-------- PROVIDED ENTRIES

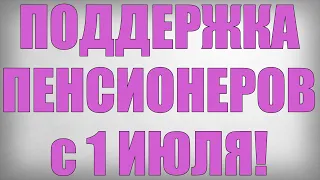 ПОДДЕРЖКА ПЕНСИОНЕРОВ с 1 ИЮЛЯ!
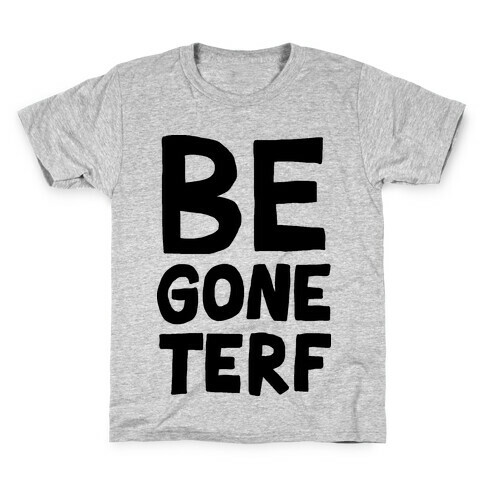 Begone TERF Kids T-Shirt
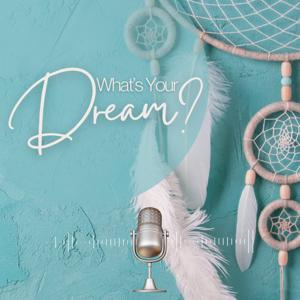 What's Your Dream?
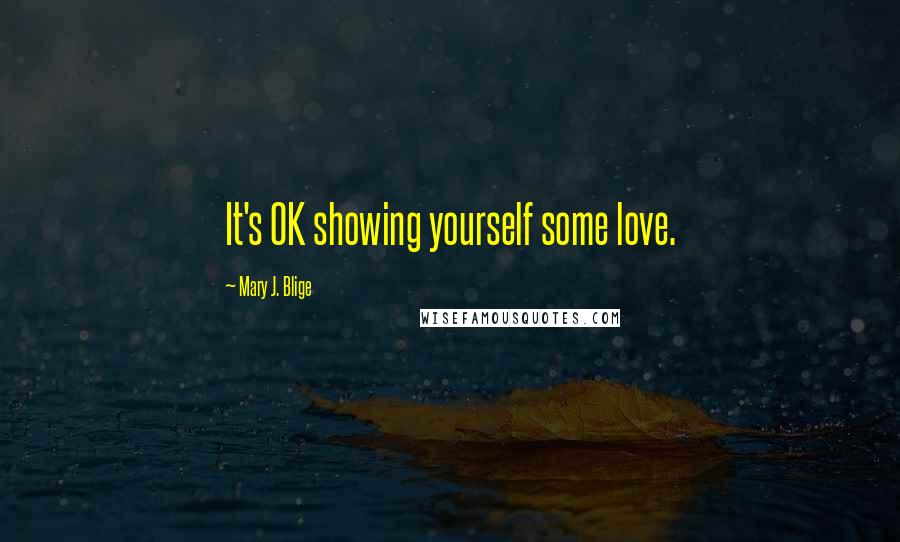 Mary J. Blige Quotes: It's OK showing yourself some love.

----------------
-------- PROVIDED ENTRIES

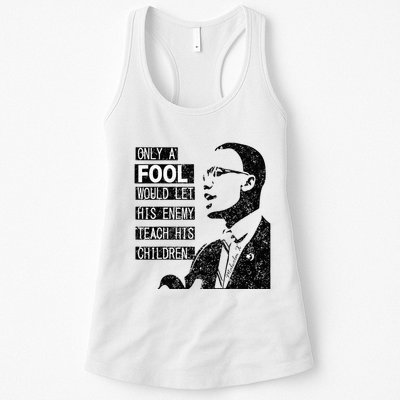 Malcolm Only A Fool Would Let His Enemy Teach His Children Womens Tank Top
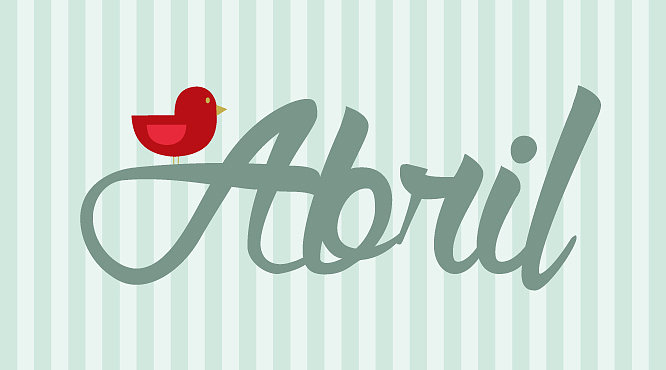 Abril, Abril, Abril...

----------------

TASK REQUIREMENTS:
Both boundary lines included, write out word for word only the lines above from the one containing "ПОДДЕРЖКА ПЕНСИОНЕРОВ с 1 ИЮЛЯ!" to the one containing "Mary J. Blige", leaving out any pictures.

RESPONSE AREA:
 ПОДДЕРЖКА ПЕНСИОНЕРОВ с 1 ИЮЛЯ!
 Begone TERF Kids T-Shirt
 What's Your Dream?
 Mary J. Blige Quotes: It's OK showing yourself some love.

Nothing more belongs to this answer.